* Exercise
When you reach the line containing "Nicole Miller Jacquard Fit & Flare" in the data below, begin returning lines exactly as written, and stop once the line containing "Dress Navy Blue Floral - Picture 2 of 16" has been returned.

* Available data
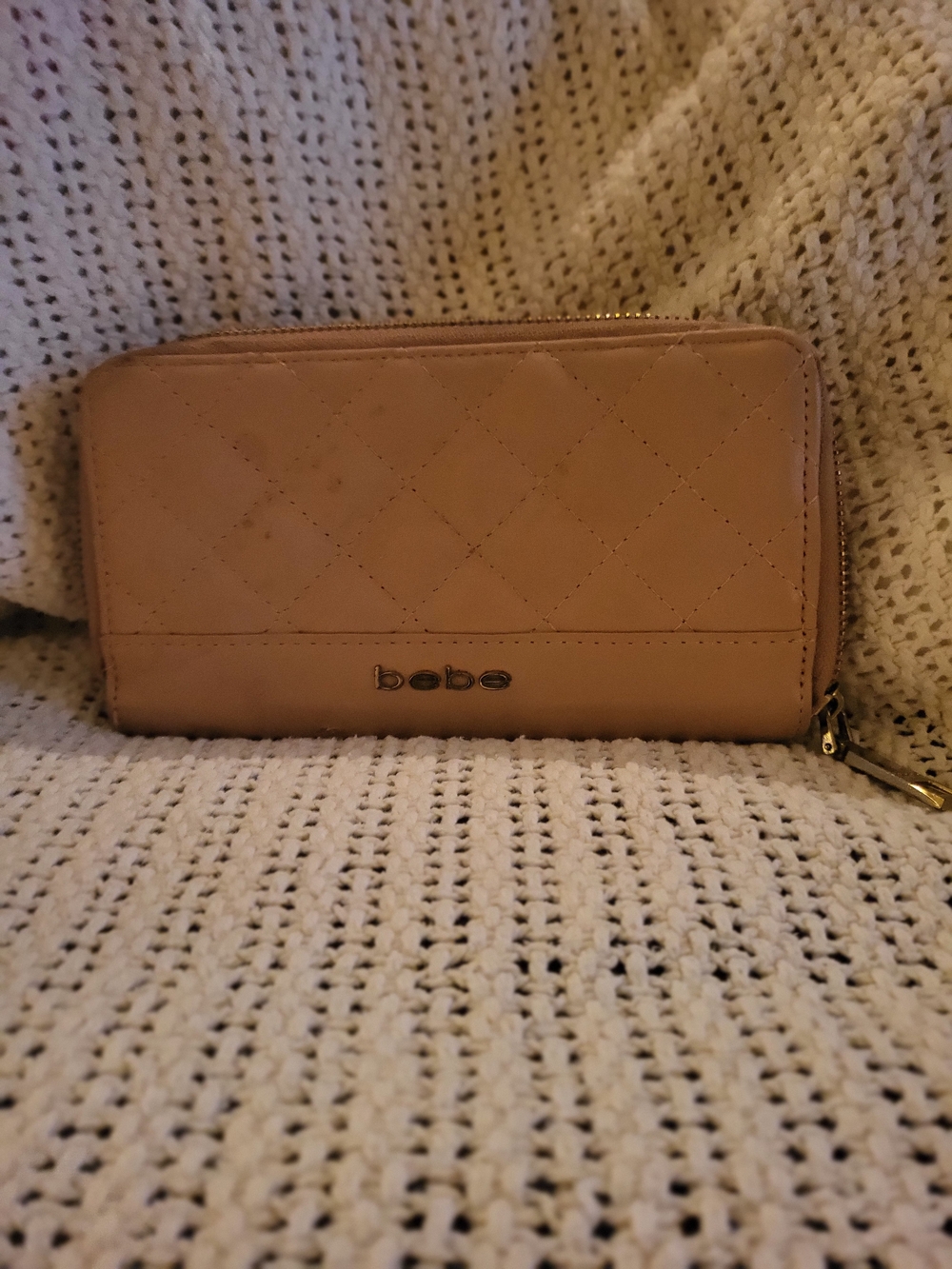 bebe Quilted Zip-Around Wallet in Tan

---

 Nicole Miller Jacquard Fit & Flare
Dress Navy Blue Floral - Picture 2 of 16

...

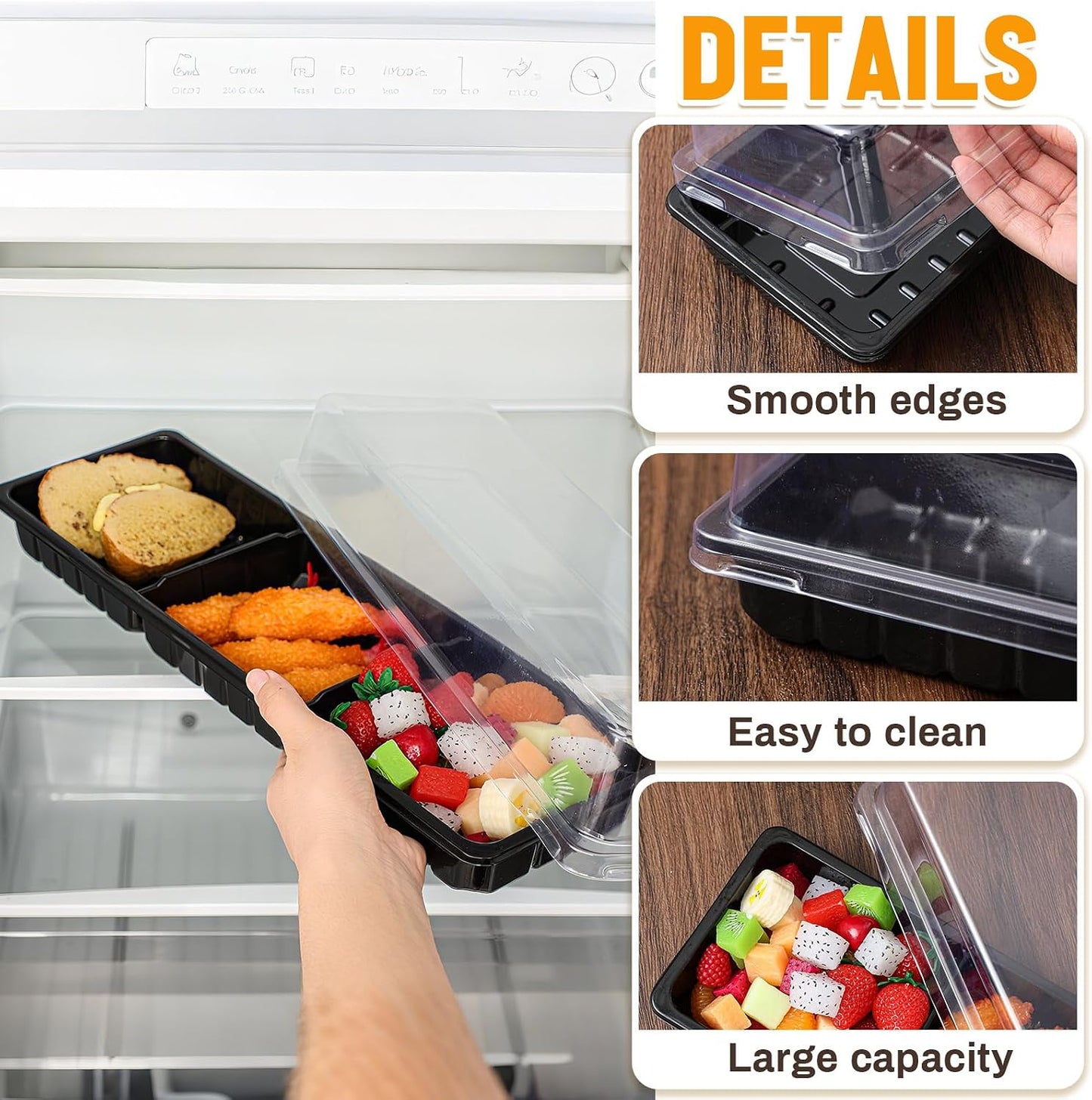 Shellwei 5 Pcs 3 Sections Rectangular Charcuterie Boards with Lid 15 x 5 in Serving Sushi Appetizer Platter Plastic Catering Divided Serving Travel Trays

* Exercise result
 Nicole Miller Jacquard Fit & Flare
Dress Navy Blue Floral - Picture 2 of 16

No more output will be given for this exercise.